(Collection entries)
****
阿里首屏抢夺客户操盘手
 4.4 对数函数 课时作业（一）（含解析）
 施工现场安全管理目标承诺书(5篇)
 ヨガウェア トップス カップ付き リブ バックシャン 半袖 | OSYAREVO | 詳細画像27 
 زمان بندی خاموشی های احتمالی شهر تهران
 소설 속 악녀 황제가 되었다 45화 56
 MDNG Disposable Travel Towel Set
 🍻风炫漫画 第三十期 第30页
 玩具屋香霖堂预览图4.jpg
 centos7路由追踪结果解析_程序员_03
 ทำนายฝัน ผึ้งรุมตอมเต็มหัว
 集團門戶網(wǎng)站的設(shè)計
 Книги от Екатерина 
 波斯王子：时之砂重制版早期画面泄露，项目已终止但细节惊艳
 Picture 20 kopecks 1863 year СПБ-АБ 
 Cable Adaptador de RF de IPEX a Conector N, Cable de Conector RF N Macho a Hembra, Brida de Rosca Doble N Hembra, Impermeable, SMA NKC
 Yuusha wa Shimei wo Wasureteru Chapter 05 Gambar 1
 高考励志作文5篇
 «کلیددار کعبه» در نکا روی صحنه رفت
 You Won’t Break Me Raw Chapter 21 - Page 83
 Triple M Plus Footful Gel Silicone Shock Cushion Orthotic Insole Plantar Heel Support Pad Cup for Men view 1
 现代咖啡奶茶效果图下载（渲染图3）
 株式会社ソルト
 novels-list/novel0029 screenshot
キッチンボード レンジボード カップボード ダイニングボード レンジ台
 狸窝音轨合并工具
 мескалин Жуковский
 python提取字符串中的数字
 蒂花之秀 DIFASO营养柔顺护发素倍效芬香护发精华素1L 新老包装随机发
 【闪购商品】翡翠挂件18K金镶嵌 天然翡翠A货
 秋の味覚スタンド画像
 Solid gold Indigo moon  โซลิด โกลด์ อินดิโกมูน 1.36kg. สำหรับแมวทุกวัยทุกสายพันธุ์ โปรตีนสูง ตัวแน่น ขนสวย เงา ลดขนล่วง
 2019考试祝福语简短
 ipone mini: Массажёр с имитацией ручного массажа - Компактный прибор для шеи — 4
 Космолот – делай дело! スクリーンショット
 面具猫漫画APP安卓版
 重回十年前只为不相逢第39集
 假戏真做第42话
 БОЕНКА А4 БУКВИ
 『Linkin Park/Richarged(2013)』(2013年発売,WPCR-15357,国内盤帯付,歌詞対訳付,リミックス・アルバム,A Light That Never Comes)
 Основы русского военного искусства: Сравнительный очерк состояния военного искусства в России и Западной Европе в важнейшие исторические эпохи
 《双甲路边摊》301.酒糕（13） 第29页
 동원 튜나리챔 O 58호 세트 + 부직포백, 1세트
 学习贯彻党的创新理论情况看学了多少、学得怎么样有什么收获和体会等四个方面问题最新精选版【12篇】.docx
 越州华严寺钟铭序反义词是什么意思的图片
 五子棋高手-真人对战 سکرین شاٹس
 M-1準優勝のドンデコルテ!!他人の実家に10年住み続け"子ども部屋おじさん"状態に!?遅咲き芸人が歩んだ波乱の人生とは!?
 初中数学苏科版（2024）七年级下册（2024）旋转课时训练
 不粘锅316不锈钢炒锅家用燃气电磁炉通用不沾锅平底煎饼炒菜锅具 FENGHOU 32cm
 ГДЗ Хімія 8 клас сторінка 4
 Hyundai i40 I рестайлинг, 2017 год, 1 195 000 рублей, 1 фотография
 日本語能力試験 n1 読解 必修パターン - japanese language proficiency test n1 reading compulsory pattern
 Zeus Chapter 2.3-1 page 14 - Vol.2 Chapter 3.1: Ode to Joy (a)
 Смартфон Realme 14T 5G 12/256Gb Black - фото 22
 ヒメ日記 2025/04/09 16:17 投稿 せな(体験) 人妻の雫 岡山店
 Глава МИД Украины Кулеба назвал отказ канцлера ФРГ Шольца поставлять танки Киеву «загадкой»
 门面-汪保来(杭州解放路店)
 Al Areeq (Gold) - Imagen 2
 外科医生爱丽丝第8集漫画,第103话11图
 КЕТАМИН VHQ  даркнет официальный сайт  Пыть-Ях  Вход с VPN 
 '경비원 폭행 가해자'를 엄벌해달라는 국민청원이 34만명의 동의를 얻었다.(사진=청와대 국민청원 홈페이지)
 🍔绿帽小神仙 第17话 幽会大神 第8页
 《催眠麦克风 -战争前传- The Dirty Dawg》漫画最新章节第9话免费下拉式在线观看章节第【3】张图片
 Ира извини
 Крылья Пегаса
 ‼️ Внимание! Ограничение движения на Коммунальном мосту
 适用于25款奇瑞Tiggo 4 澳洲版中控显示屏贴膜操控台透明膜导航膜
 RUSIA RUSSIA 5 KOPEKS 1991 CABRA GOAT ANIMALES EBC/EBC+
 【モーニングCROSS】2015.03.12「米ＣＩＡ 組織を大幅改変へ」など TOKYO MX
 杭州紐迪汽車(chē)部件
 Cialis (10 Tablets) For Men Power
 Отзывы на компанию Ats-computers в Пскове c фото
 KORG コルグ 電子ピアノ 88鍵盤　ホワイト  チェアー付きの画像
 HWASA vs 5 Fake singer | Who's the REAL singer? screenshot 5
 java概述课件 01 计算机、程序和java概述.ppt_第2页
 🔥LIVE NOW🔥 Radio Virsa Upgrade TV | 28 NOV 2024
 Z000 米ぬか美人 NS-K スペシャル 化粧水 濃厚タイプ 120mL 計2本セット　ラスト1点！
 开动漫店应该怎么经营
****
▶ **EXERCISE BRIEF**: Write down, word for word, the lines above from the one containing "Смартфон Realme 14T" through the one containing "на Коммунальном мосту", both ends included.

▶ **TASK ANSWER**:
 Смартфон Realme 14T 5G 12/256Gb Black - фото 22
 ヒメ日記 2025/04/09 16:17 投稿 せな(体験) 人妻の雫 岡山店
 Глава МИД Украины Кулеба назвал отказ канцлера ФРГ Шольца поставлять танки Киеву «загадкой»
 门面-汪保来(杭州解放路店)
 Al Areeq (Gold) - Imagen 2
 外科医生爱丽丝第8集漫画,第103话11图
 КЕТАМИН VHQ  даркнет официальный сайт  Пыть-Ях  Вход с VPN 
 '경비원 폭행 가해자'를 엄벌해달라는 국민청원이 34만명의 동의를 얻었다.(사진=청와대 국민청원 홈페이지)
 🍔绿帽小神仙 第17话 幽会大神 第8页
 《催眠麦克风 -战争前传- The Dirty Dawg》漫画最新章节第9话免费下拉式在线观看章节第【3】张图片
 Ира извини
 Крылья Пегаса
 ‼️ Внимание! Ограничение движения на Коммунальном мосту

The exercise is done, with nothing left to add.